Fault Indicator Object 712
Fault indicator object 712 produces fault indicators 106 to report the programming errors detected by analyzer 202. Fault indicator object 712 processing is performed by the error generation unit. The error generation unit is shown in greater detail as logic flow diagram 3700 (Figure 37) . In the embodiment of Figure 37, fault indicators 106 are in the form of error messages .
Processing in the error generation unit begins with leak error decision 3702 (hereinafter "decision 3702") which determines if the programming error detected is a memory or resource leak. If the error is a leak then processing control will transfer to determine path termination type action 3704 (hereinafter "action 3704) ; otherwise, processing control falls through to local error in main function decision 3710 (hereinafter "decision 3710").

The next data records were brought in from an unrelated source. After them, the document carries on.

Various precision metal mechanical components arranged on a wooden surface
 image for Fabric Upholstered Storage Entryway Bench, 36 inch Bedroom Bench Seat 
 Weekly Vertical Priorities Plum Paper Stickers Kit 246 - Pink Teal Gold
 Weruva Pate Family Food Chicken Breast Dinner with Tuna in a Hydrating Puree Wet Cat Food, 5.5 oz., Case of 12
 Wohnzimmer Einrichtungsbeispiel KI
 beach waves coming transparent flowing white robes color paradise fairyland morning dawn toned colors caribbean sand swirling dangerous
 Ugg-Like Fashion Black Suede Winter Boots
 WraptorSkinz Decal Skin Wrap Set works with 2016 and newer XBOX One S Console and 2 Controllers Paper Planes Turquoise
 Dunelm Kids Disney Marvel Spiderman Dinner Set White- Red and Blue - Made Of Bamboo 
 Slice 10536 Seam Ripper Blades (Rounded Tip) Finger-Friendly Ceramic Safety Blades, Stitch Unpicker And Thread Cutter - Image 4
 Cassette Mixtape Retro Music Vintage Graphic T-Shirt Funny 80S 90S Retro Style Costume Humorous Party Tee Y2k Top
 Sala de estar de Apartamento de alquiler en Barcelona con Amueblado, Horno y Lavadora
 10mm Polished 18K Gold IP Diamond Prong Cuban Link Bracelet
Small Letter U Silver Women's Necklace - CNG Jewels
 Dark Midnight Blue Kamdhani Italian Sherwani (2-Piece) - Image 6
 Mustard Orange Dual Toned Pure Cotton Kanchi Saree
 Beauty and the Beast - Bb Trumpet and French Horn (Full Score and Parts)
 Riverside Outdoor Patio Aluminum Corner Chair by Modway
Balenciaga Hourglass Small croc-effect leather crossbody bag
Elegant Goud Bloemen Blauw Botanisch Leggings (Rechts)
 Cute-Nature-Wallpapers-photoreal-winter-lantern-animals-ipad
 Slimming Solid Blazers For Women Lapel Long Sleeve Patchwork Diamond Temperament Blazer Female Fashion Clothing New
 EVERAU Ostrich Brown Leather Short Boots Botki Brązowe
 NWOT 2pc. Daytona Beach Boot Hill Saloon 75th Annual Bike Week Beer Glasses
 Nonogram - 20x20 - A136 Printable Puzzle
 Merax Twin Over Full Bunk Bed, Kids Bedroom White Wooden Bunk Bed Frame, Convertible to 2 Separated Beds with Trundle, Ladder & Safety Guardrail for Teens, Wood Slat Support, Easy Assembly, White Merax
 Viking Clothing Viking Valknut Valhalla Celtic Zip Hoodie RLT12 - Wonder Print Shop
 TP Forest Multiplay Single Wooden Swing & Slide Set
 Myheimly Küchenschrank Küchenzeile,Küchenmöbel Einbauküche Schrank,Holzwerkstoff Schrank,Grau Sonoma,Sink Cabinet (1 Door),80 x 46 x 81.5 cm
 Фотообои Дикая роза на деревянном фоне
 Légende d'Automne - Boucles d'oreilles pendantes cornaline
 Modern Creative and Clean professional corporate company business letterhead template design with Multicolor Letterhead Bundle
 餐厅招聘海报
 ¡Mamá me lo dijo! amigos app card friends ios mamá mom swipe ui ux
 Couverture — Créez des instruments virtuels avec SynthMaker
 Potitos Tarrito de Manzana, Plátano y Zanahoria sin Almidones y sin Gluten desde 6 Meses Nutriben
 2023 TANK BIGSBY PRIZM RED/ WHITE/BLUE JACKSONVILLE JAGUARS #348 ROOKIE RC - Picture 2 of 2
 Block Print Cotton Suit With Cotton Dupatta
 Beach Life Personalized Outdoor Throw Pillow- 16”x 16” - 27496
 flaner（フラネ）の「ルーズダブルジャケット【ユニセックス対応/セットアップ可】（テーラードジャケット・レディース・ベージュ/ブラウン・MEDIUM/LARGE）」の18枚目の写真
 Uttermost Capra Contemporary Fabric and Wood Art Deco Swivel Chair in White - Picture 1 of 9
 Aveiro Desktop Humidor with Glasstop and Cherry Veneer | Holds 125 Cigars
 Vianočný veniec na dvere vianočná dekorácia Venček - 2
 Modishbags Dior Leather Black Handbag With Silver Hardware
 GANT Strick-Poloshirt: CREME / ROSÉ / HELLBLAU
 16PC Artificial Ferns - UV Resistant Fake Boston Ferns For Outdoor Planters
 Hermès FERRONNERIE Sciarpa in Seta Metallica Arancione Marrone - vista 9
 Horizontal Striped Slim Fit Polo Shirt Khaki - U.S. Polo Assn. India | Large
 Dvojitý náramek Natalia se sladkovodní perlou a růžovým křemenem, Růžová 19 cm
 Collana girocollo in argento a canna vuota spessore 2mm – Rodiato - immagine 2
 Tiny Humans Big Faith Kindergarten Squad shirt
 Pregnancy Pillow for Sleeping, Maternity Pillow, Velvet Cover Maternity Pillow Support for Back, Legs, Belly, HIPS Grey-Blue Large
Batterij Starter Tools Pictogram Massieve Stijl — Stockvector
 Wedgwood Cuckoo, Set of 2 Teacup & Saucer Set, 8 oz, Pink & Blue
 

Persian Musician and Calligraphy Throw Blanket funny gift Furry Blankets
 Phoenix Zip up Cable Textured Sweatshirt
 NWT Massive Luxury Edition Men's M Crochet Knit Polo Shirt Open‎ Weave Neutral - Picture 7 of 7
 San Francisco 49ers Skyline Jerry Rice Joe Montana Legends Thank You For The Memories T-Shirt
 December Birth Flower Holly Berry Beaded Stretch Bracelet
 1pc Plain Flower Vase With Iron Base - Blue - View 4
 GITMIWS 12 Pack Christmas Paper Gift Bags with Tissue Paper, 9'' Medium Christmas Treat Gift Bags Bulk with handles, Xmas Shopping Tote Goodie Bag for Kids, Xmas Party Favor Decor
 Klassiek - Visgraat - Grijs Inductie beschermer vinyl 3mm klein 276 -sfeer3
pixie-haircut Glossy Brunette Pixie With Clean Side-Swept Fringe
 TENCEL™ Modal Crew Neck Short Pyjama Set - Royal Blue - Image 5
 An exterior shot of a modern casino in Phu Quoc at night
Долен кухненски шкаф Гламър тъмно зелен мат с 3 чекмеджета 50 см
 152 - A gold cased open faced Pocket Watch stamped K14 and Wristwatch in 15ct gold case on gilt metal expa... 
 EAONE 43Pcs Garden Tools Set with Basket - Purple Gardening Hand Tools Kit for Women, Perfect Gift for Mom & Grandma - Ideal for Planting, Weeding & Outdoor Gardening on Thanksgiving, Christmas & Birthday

Action 3704 determines how the path that produced the leak terminated. A path can terminate in one of three ways: on exit, on longjump or on return. Once the type of path termination is discovered, processing control transfers to suppress termination type decision 3706 (hereinafter "decision 3706"). Decision 3706 determines if a configuration option has been set to suppress leak errors on paths terminated in the manner of the path that produced the leak. If such a configuration option has been set, then processing transfers to return 3708 which terminates processing according to logic flow diagram 3700. Thus, the error generation unit terminates without producing an error message. The configuration options that effect reporting of leak errors are "leaks_on_exit" ,
"leaks_on_longjmp" and "leaks_on_return" . More information on configuration options is presented in Appendix B. If no configuration options are set to suppress the leak error message, then processing transfers to decision 3710.
Decision 3710 determines if the current function name is "main" and the function is returning a pointer to memory local to the "main" function. In such a case (decision 3710 resolves to true) , processing transfers to return 3712 which terminates processing according to logic flow diagram 3700. Thus, the error generation unit terminates without producing an error message. When decision 3710 resolves to false, processing control transfers to get context info action 3714 (hereinafter "action 3714").
Action 3714 collects the context information that will be used to fill out the error message generated. The context information allows a user to locate the programming error in the code. Action 3714 determines the file name of the file that contains the faulty function and the line number within the function where the error was detected. Action 3714 also collects the name of function in error, the number of the path in which the error occurred and the expression which contains the error. If the error occurred during emulation of a function, action 3714 collects the name of the emulated function, the name of the file containing the emulated function and the number of the line in that file corresponding to the line in the emulated function where the error was detected. After data collection in action 3714 completes, processing transfers to config option suppression decision 3718 (hereinafter "decision 3718").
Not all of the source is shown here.